Bess nods unhappily, her face hurt. I’d like to explain to her, but I can’t – not without risking everything.

I walk up to the chapel alone. The sun is dropping now; the light on the walls is gilded. Outside is the statue Cesare had made, of St George defeating the dragon. The dragon, he said, stood for war and St George battled it daily.

‘And one day,’ Cesare had said, ‘there is peace.’

‘There can’t be peace everywhere,’ I’d said.
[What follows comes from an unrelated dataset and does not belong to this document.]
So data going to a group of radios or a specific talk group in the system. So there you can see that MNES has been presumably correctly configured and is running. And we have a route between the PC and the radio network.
‘We can hope,’ he’d said, looking at the chapel. ‘We must hope.’

I have to hope.

Now, in my hand, I have the metal heart. Inside the chapel, it is cool. The mattress I slept on is gone and everything is peace and silence once more. No traces of Angus’s blood on the tiles. No hint of everything that happened here. There is only light and beauty.
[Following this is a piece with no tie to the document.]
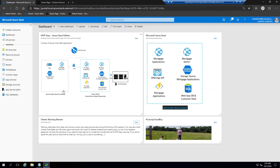Our next step is to actually build the Azure Function. We need to build some automation to help process the generation of applications in PDF format, so we're going to use Azure Functions for this. I'll provision a function app using the Azure Stack portal. This function is basically going to watch the Azure storage queue for messages that the web application has submitted, process the application creating it as a PDF, and then store it in our Azure Blob storage. Let's go ahead and get started — first we're going to create a resource, web and mobile, and click Function Apps.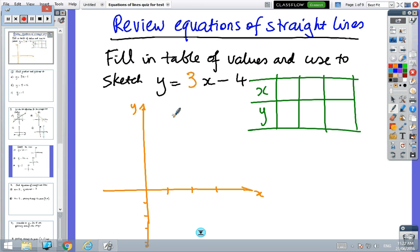We're looking at a revision video for coordinate geometry, specifically the equations of straight lines. We're not doing distance, midpoint and gradient, although gradient does come up. The first question is just drawing a straight line using a table of values. I've set up a table — use any numbers you like, then when you're ready, do it.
Between the two halves of the filigreed rood screen, there is a gap in the floor – a dip in the cement that has been chipped and dug out with a piece of metal. It is a hollow in the shape of a heart. As I sat and waited for them to pass judgement on me, I had hewn and scrabbled and dug away at the concrete floor. My fingers are raw and sore and there are bashed edges all along one side of the heart.

I press it into the gap in the concrete. It fits almost exactly, like a key in a lock.

I stand and I force myself to turn and walk away from it. I don’t want to leave it, but I must appear to be content to turn away from the heart.

I have to leave it, for it never belonged to the person I am. It never belonged to Con.

The heart was given to Dot and, as far as everyone knows, Dot is gone. As far as everyone believes, Dot drowned in the storm. Dot is buried in the hillside grave with salt sprinkled on her chest.

And now I must pretend to be Con.

At first I didn’t realize, I didn’t remember. They saw my trousers and they called me Con. All my memories were so foggy that, when they called me by my sister’s name, I answered. I knew that Dot was alive, somehow, somewhere, but I didn’t understand how I could know that. The memories came back slowly.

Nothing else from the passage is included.